TASK DETAILS:
Find the "Rumex crispus - Krulzuring" line in the records below and repeat it and every later line exactly, up to the last; do not include pictures.

Start of GIVEN INFORMATION

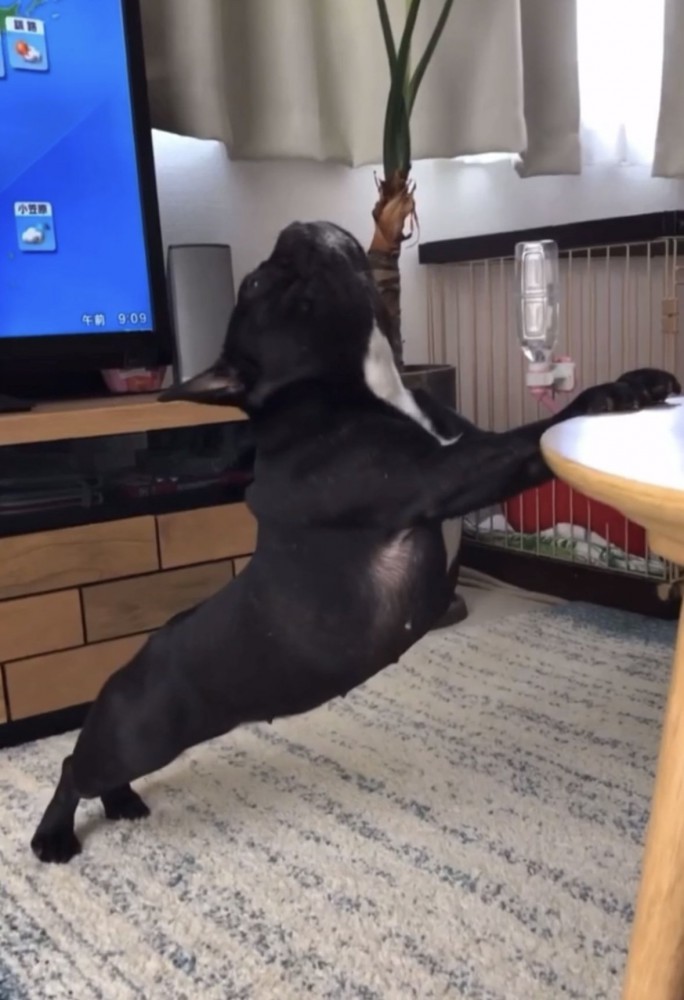 ストレッチ7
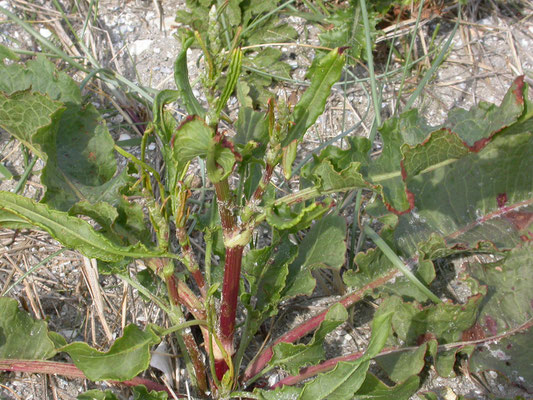 Rumex crispus - Krulzuring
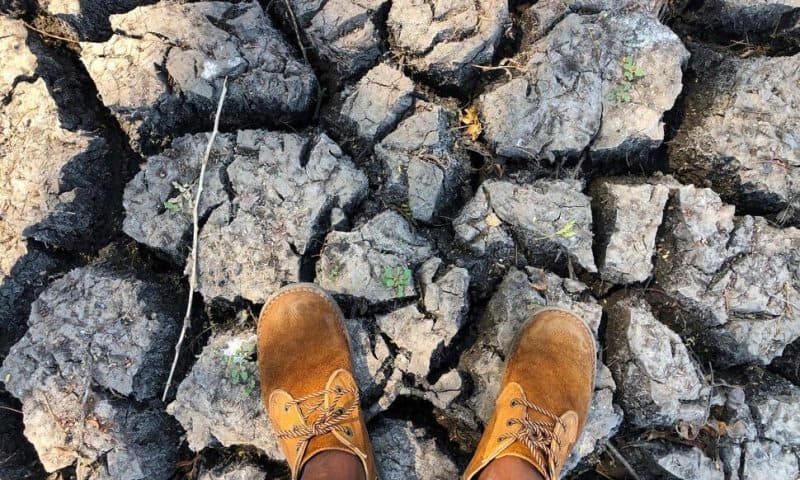 Southern Africa Is Enduring Its Worst Hunger Crisis in Decades Due to El Niño, the UN Says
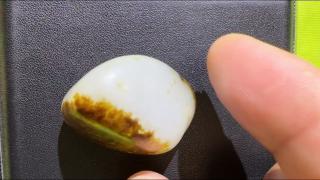 新疆和田玉籽料原石 28.8克 真皮真色 上下秋梨天地皮 原籽无修型 特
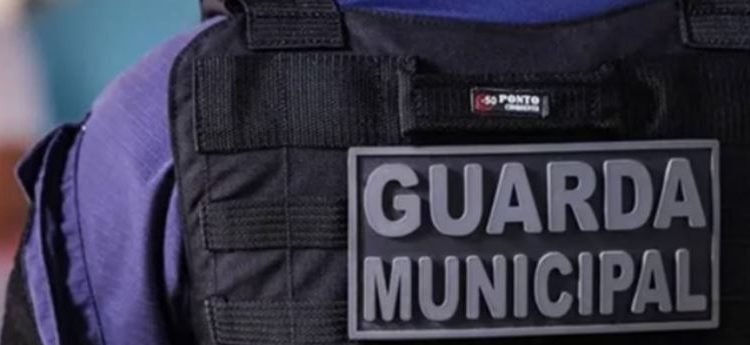 Ministro Flávio Dino – O STF e as Guardas Municipais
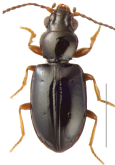 Tasmanitachoides lutus (Darlington, 1962)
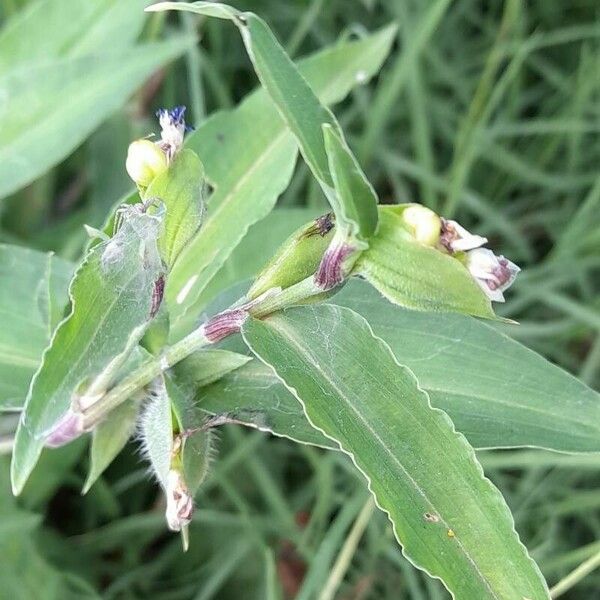 Commelina erecta Leht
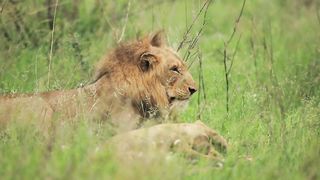 Animal video 5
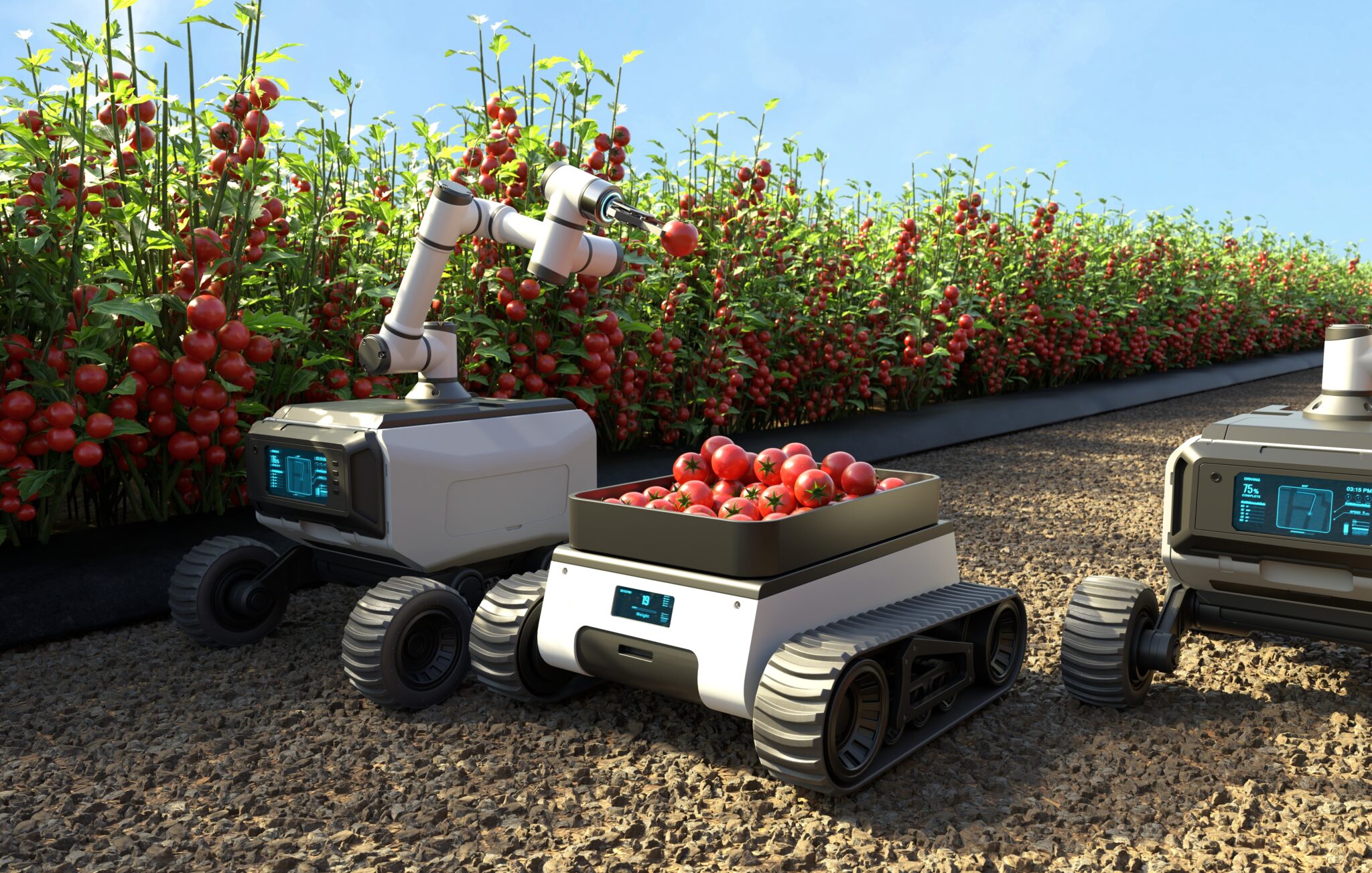 Real-time Object Detection 即時物件偵測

End of GIVEN INFORMATION

YOUR RESPONSE:
 Rumex crispus - Krulzuring
 Southern Africa Is Enduring Its Worst Hunger Crisis in Decades Due to El Niño, the UN Says
 新疆和田玉籽料原石 28.8克 真皮真色 上下秋梨天地皮 原籽无修型 特
 Ministro Flávio Dino – O STF e as Guardas Municipais
 Tasmanitachoides lutus (Darlington, 1962)
 Commelina erecta Leht
 Animal video 5
 Real-time Object Detection 即時物件偵測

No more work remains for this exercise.